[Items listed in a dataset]
-- Opening Marker --
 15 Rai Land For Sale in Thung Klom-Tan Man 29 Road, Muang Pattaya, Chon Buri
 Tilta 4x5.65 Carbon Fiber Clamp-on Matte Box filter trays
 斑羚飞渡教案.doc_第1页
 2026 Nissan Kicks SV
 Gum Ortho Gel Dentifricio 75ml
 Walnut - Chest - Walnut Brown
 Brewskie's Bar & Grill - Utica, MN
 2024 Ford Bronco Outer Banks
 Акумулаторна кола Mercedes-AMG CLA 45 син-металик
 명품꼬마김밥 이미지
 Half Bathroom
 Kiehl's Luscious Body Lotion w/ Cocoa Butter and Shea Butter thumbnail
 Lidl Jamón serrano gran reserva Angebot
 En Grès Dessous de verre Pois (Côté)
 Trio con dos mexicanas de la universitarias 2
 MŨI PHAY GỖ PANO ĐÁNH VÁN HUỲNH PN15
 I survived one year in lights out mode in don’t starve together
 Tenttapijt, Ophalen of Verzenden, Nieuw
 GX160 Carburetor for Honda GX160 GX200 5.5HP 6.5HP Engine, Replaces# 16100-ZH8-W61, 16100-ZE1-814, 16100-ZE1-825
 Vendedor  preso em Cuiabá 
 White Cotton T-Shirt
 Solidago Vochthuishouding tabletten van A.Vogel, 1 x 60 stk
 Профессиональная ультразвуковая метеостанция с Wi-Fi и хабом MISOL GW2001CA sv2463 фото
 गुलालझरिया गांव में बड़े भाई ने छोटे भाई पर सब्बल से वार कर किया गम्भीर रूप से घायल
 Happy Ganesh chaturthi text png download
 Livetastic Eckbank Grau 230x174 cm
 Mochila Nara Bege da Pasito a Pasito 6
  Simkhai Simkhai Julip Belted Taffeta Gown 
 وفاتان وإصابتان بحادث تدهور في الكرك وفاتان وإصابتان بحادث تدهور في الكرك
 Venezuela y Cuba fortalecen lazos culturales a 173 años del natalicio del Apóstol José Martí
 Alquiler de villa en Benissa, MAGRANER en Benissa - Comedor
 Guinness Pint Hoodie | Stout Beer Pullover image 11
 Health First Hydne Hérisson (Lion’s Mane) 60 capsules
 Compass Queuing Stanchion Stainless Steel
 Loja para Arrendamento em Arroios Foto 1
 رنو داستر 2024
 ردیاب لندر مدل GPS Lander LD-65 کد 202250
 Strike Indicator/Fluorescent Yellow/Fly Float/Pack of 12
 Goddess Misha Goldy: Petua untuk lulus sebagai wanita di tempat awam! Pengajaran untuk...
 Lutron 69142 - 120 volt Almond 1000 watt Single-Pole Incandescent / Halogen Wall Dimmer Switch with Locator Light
-- Closing Marker --
:: To do ::
Your answer must consist of every line above, reproduced exactly.

:: Worked solution ::
 15 Rai Land For Sale in Thung Klom-Tan Man 29 Road, Muang Pattaya, Chon Buri
 Tilta 4x5.65 Carbon Fiber Clamp-on Matte Box filter trays
 斑羚飞渡教案.doc_第1页
 2026 Nissan Kicks SV
 Gum Ortho Gel Dentifricio 75ml
 Walnut - Chest - Walnut Brown
 Brewskie's Bar & Grill - Utica, MN
 2024 Ford Bronco Outer Banks
 Акумулаторна кола Mercedes-AMG CLA 45 син-металик
 명품꼬마김밥 이미지
 Half Bathroom
 Kiehl's Luscious Body Lotion w/ Cocoa Butter and Shea Butter thumbnail
 Lidl Jamón serrano gran reserva Angebot
 En Grès Dessous de verre Pois (Côté)
 Trio con dos mexicanas de la universitarias 2
 MŨI PHAY GỖ PANO ĐÁNH VÁN HUỲNH PN15
 I survived one year in lights out mode in don’t starve together
 Tenttapijt, Ophalen of Verzenden, Nieuw
 GX160 Carburetor for Honda GX160 GX200 5.5HP 6.5HP Engine, Replaces# 16100-ZH8-W61, 16100-ZE1-814, 16100-ZE1-825
 Vendedor  preso em Cuiabá 
 White Cotton T-Shirt
 Solidago Vochthuishouding tabletten van A.Vogel, 1 x 60 stk
 Профессиональная ультразвуковая метеостанция с Wi-Fi и хабом MISOL GW2001CA sv2463 фото
 गुलालझरिया गांव में बड़े भाई ने छोटे भाई पर सब्बल से वार कर किया गम्भीर रूप से घायल
 Happy Ganesh chaturthi text png download
 Livetastic Eckbank Grau 230x174 cm
 Mochila Nara Bege da Pasito a Pasito 6
  Simkhai Simkhai Julip Belted Taffeta Gown 
 وفاتان وإصابتان بحادث تدهور في الكرك وفاتان وإصابتان بحادث تدهور في الكرك
 Venezuela y Cuba fortalecen lazos culturales a 173 años del natalicio del Apóstol José Martí
 Alquiler de villa en Benissa, MAGRANER en Benissa - Comedor
 Guinness Pint Hoodie | Stout Beer Pullover image 11
 Health First Hydne Hérisson (Lion’s Mane) 60 capsules
 Compass Queuing Stanchion Stainless Steel
 Loja para Arrendamento em Arroios Foto 1
 رنو داستر 2024
 ردیاب لندر مدل GPS Lander LD-65 کد 202250
 Strike Indicator/Fluorescent Yellow/Fly Float/Pack of 12
 Goddess Misha Goldy: Petua untuk lulus sebagai wanita di tempat awam! Pengajaran untuk...
 Lutron 69142 - 120 volt Almond 1000 watt Single-Pole Incandescent / Halogen Wall Dimmer Switch with Locator Light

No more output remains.